I am not a Canadian lawyer, but here is the text of the Canada Criminal Code (R.S., c. C-34, s. 27) that appears to deal with justifiable force:
Use of force to prevent commission of offence
27 Every one is justified in using as much force as is reasonably necessary
(a) to prevent the commission of an offence
(i) for which, if it were committed, the person who committed it might be arrested without warrant, and
(ii) that would be likely to cause immediate and serious injury to the person or property of anyone; or
(b) to prevent anything being done that, on reasonable grounds, he believes would, if it were done, be an offence mentioned in paragraph (a).
So, for your hypotheticals: under the letter of the law, you would be able to use force to stop someone from kicking your car or your laptop, so long as the kicking was forceful enough to "cause immediate and serious injury" to said car or laptop. You would also be justified in using force to stop one person from attacking another on the street.
You might not, however, be justified in using force to remove someone from your property unless you had a reasonable belief that the person was going to start smashing up your living room. If they came in and plopped themselves down on your couch and refused to move, I don't believe that you would be justified in using force to remove them.

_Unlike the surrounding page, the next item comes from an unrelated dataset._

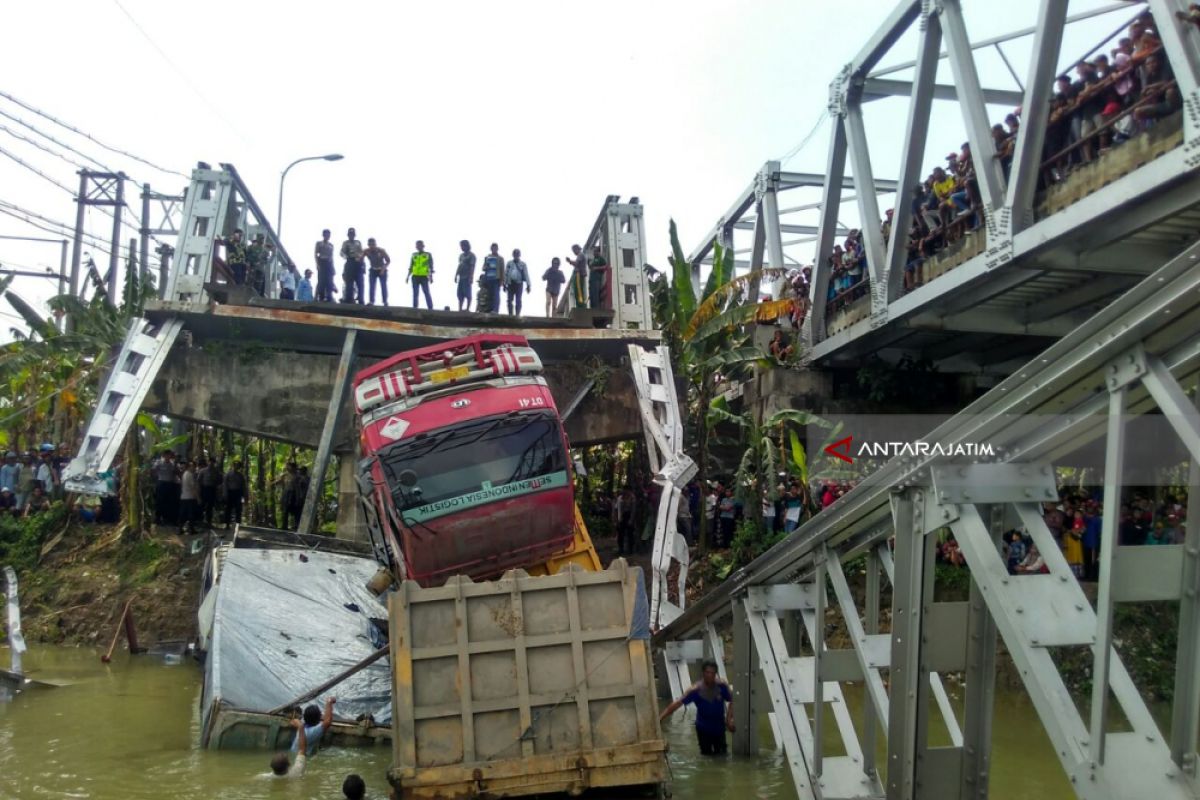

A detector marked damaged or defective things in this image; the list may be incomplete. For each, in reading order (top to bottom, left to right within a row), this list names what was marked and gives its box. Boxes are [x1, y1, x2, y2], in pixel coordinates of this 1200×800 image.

overturned truck trailer [388, 563, 667, 800]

The big wrinkle is, of course, that you are only allowed under the law to use "as much force is reasonably necessary" to stop something that might be thought, on "reasonable grounds", to incur a "serious injury". (If the guy kicks a few dents in your car, does that constitute a "serious injury"?) Lawyers get paid the big bucks to argue about whether each one of those phrases in quotes was in play in any particular situation.